The Kobayashi Maru: A technique in which a character is brought right to the edge of death, or some horrible outcome, but is spared by the revelation that, unbeknownst to the audience, the preceding events were part of a dream, or simulation.
MacGuffin: ”...a plot device that motivates the characters and advances the story, but has little other relevance to the story. The element that distinguishes a MacGuffin from other types of plot devices is that it is not important what object the MacGuffin specifically is… Its importance will generally be accepted completely by the story’s characters, with minimal explanation. From the audience’s perspective, the MacGuffin is not the point of the story.”
Mary Sue: A character who appears in the story as an absurdly idealized stand-in for the author. “Characters most commonly labeled “Mary Sues” are often characterized by their unusual and dramatic traits and experiences, their similarity to their author or their author’s ideal person and especially their extreme superiority in comparison to other characters.”
The Minnesota Fats: A stock character who happens to be better than the main character at exactly the thing at which the main character excels.
Peripeteia: “a reversal of circumstances, or turning point… A character who becomes rich and famous from poverty and obscurity has undergone peripeteia, even if his character remains the same.”

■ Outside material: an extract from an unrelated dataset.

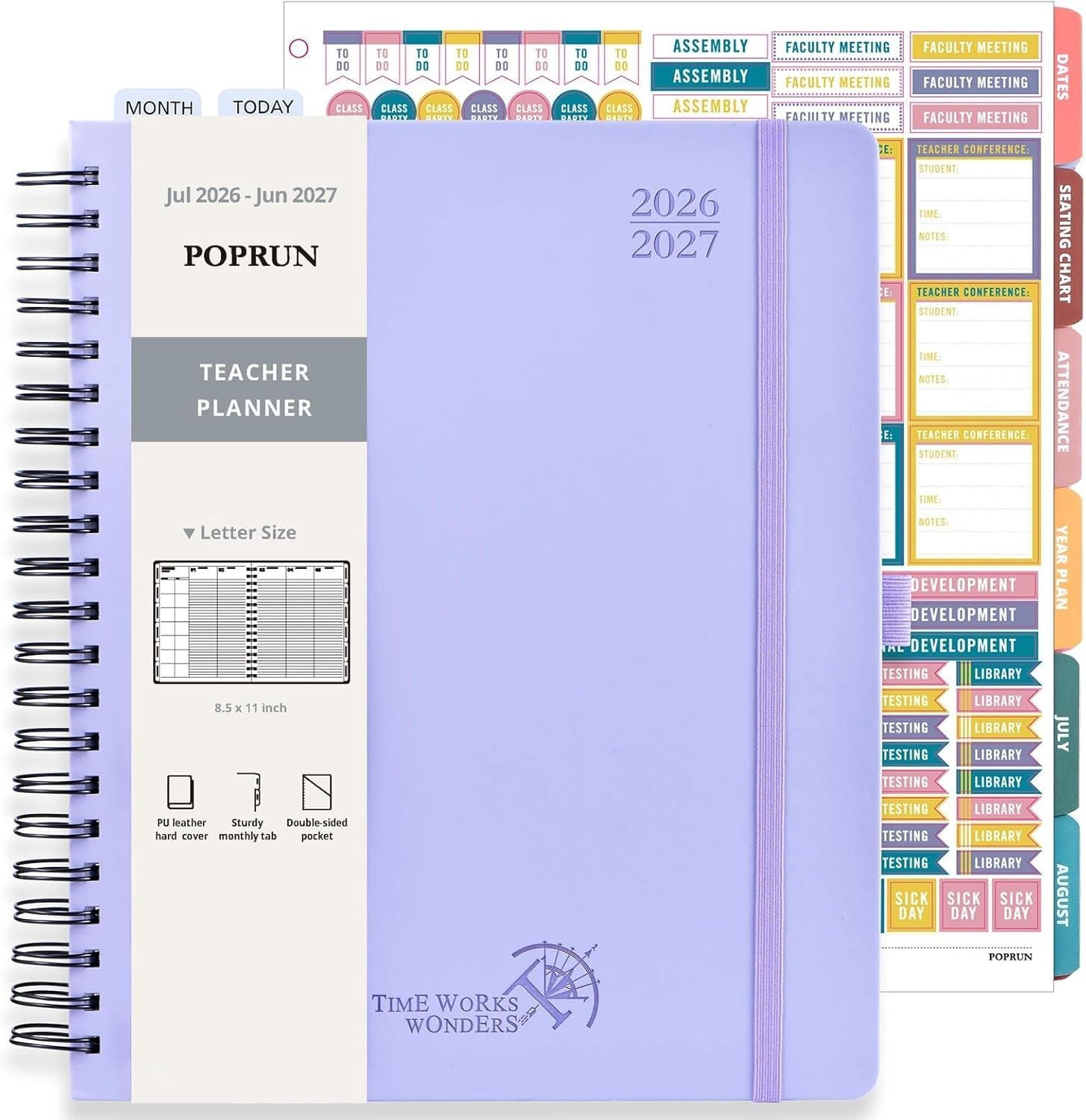 POPRUN Teacher Lesson Planner 2026-2027, (Letter Size – 8.5” x 11”) Academic P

Plot Coupon: “an object whose possession or use is necessary in order to resolve the conflict upon which the plot hangs, when this necessity clearly springs from the arbitrary decision of the author to make it so necessary. (The name is derived from a joke: when the characters have collected enough plot coupons, they can trade them in for the denouement.)... Structurally, plot coupons can be viewed as the component parts of a divided and dispersed MacGuffin.” See also: Plot Voucher
Plot Dump: Long exposition, usually at the beginning of a work, “by which critical elements of the plot, often involving the back-story, are not depicted directly but are instead elaborated in dialogue by one of the characters or by a narrator.” For example, the scrolling text at the beginning of Star Wars. A (sometimes) necessary evil, considered lazy by some.
Plot Voucher: “one of those useful items that is presented to the hero at the start of his adventure with a purpose totally unspecified, that turns out at an arbitrary point later in the story to be exactly what’s needed to get him out of a sticky and otherwise unresolvable situation.” See also: Plot Coupon
The Rashomon Effect: “The Rashomon effect is the effect of the subjectivity of perception on recollection, by which observers of an event are able to produce substantially different but equally plausible accounts of it. It is named for Akira Kurosawa’s film Rashomon, in which a crime witnessed by four individuals is described in four mutually contradictory ways.”

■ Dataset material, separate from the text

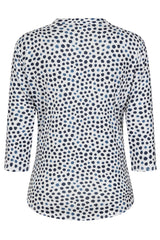 Spot Print Mandarin Collar Blouse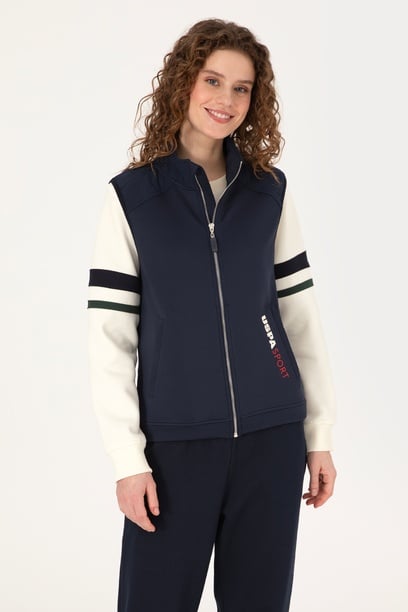 Kadın Lacivert Fermuarlı Dik Yaka Sweatshirt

Red Herring: “a plot device intended to distract the reader from a more important event in the plot, usually a twist ending… The phrase may have originated from the practice of saving a hunted fox by dragging a red herring across its trail to cause the pursuing hounds to lose the true scent and follow the false trail of herring odour instead.” See also
Stormtrooper Effect: a recurring phenomenon in fiction “where minor characters… are unrealistically ineffective in combat against more important characters.” See also Character Shield
Unexposed Contents: A device in which ”[a] container is shown by the author/director, but the contents are intentionally never revealed. Alternatively, an important door may be shown but never opened.” Differs from a MacGuffin or a Red Herring in that “the contents may be important to the characters, the plot and possibly the audience, despite the fact that the viewer never finds out.”
Wedge-type character: “minor background characters that survive an entire saga or series without being killed (i.e. having character shields). However, they tend to suffer notoriously from little to no character development.”